The luggage he brings to the airport bespeaks the hardened traveller with no time to wait for baggage handlers. Leaving for a six-day trip, he carries only a small and not-very-stuffed overnight bag, barely as big as the stout briefcase.
"There's six of everything in there," he says, though plainly he will be relying on the suit he is standing up in.
Travel is, of course, an occupational hazard, and Mr Goff knew to expect it. What he could not have predicted was how many matters would be competing for his attention - and in particular that Governments would be toppled in two Pacific states within days of each other.
"Yes, it's been a hell of a busy year," he says. "I welcome the challenges but I sometimes wish they wouldn't all come at once. One coup at a time would have been nice."
He remembers his children being glad he had landed the Foreign Affairs job "because they thought I might not be on TV as often, and they wouldn't get ribbed at school as much." But in fact he has been a fixture on most news bulletins for weeks now, and he is legendary among political journalists for his accessibility - in the Radio New Zealand newsroom they joke that he has never missed a deadline.
At times in sound bites he has appeared slightly hectoring, reminiscent of the head prefect dealing with a bunch of unruly fourth formers. Yet up close and one-on-one - which is how he does most of his work - the pitch drops several notches. Even at the adrenalised pace of the truly sleep-deprived (the night before we spoke, he got 3sfr1/4 hours' sleep) he is charming and unruffled, full of self-deprecating asides.
"They like karaoke," he says fearfully of next month's meeting with Asian counterparts in Bangkok, "so I don't know how I'll get around that. I've got a voice like a bullfrog. I hear there's a Maori concert party in Bangkok at the time so I'm going to pull a lot of strings to try and get them there."
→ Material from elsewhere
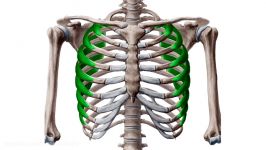 Serratus Anterior Muscle  Function Origin and Anatomy  Human Anatomy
Tired though he is, the guard doesn't drop for an instant. This is a man used to stating his position on the run, for whom each interview is a replay of the last and a rehearsal for the next. Asking him a question is like letting slip one of those rabbits greyhounds chase: he's off after it, hot on its trail, and he won't give it up till he's chewed it up - or you've managed to snatch it back.
On why he won't talk to George Speight if the hostages are released: "That would give him legitimacy, and he is a terrorist. I don't need to talk to him, but I can talk to people in Fiji who say that they disapprove of his actions but have sympathy for his cause. I might not like the attitudes of the Fijian Nationalist Party - who claim to be Christians but in whose eyes not everybody is created equally in the sight of God - but I will work with them.
"What I must not do is give legitimacy to a person who seeks to achieve his personal, financial and political ambitions through the barrel of a gun."
He is equally surefooted whether discussing the possibility that New Zealand might re-establish diplomatic links with North Korea ("The viewpoint, I think rightly, is that keeping North Korea in isolation does not contribute in the most effective way to international peace") or the suggestion that he is a Tory in disguise ("I tend not to use words like right-wing and left-wing because they're labels and hide more than they display").
But sift the flood of words and you realise this is the language of diplomacy - careful, littered with qualifications and seeming to say much more than it actually does. Hard talking may go on behind closed doors, but the public utterances will always be precise and bland.
In his other portfolio, Justice, Mr Goff can afford to be more outspoken and has attracted liberal criticism for being a redneck. He denies being tough on law and order because there are votes in such a stance.
"I've never said anything in politics that I didn't believe in, and the day that I do will be the day I've been there too long and have to get out. It's not whether you're tough or soft in law and order, it's a question of whether the policy works. Boot camps sound good, but I've seen the research on boot camps - they produce very fit young criminals but they don't change their way of thinking. The electorate would like it, but it wouldn't work."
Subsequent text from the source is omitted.